Assignment: From the data below, repeat exactly the lines from the line with "Metalen bedframe zonder" to the line with "ARTMU FRILL FLATFORM SANDALS IN GREEN", both included.

[Opening Task input section]

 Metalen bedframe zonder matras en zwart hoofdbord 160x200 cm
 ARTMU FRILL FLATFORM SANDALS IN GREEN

[Closing Task input section]
[Opening Task input section]

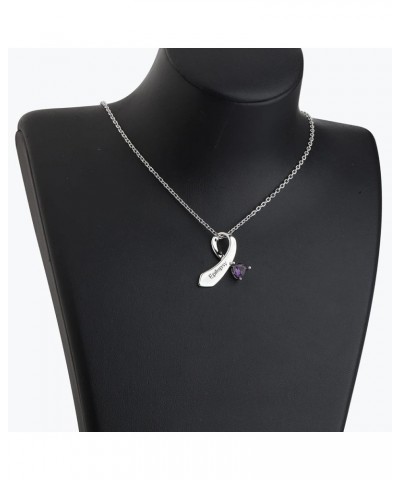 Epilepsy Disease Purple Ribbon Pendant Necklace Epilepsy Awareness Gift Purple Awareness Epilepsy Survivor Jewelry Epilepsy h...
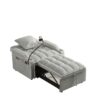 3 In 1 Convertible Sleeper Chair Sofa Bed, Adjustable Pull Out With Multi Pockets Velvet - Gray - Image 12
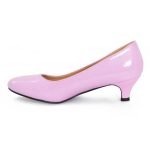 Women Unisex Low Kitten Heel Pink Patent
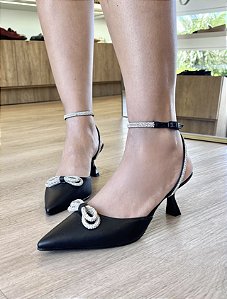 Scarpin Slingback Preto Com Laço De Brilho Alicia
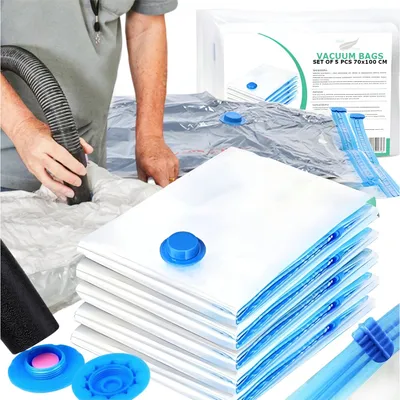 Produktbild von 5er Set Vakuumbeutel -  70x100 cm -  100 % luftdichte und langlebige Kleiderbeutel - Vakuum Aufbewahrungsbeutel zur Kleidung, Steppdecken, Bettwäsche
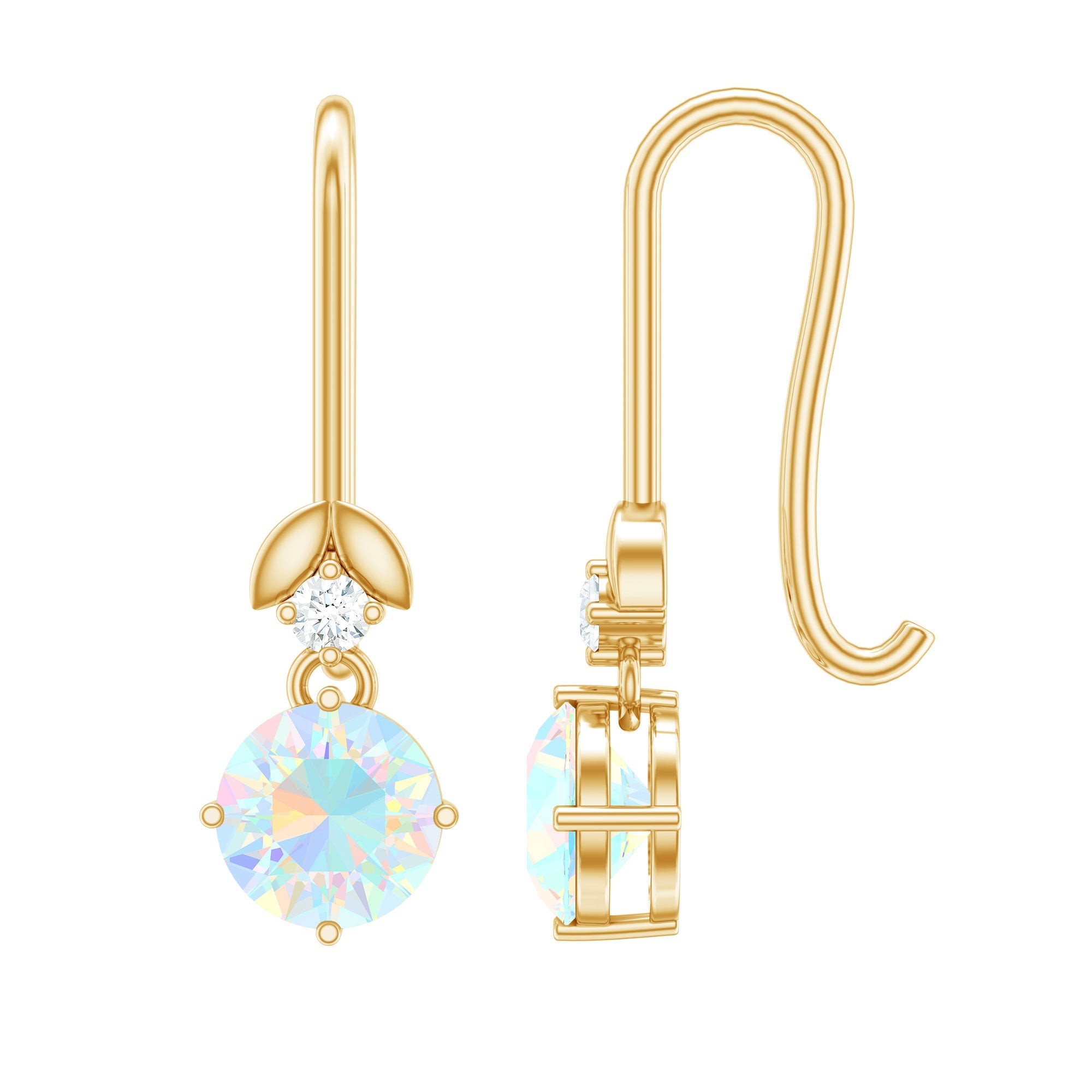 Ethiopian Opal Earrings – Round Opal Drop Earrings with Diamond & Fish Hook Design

[Closing Task input section]

Your solution:
 Metalen bedframe zonder matras en zwart hoofdbord 160x200 cm
 ARTMU FRILL FLATFORM SANDALS IN GREEN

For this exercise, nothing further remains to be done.